The current arrangements with the Sheffield City Trust – set up in 1987 – came up for review and councillors were faced with three choices: (1) take in house (2) create a Council owned company; or (3) do a deal with a private provider.
And true to Starmer’s vision of the Labour Party being the party of business, option 3 was chosen.
So, Ponds Forge, Hillsborough Leisure Centre, Sheffield City Hall along with assorted sports centres and golf courses across the city will be heading into private hands.
Of course, this is the cheapest and most risk-free option for the Council – burdened with huge deficits because of Tory cuts - but where is the long-term vision?
This deal will mean that, for the next 30 years, Sheffield services will yet again be controlled by the private sector – alongside other such vital services as the bin collections and the control of many of Sheffield’s schools.

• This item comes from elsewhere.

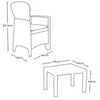 Garden Furniture Table and Chairs 3 Piece Grey Bistro Set Patio Outdoor Seating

With other services such as social care predominantly provided by private sector companies, it is beginning to be a shorter list as to what the Council directly controls and which of the ever-smaller group of workers are directly employed by Sheffield.
The plan goes out for consultation – through the Local Area Committees. As reported in the last bulletin, these are made up of councillors with no members of the public on them. Don’t hold your breath that this consultation is anything other than a “rubber stamp”.
This was an opportunity to show real vision about how a socialist-led Labour Council supporting its own city - bring the services back in house, directly employ local people and make sure that what runs in Sheffield is run by Sheffield.
Instead, we have another depressing step down the road to the transformation of a local council into a body that commissions the private sector to provide public services for private profit.
All the talk about mimicking the Preston model of prioritising local businesses and local people can be seen for what it is – all talk.
Labour Councils have a great opportunity to demonstrate that there is an alternative to the Tory led narrative that the private sector and the free market is the only political path open.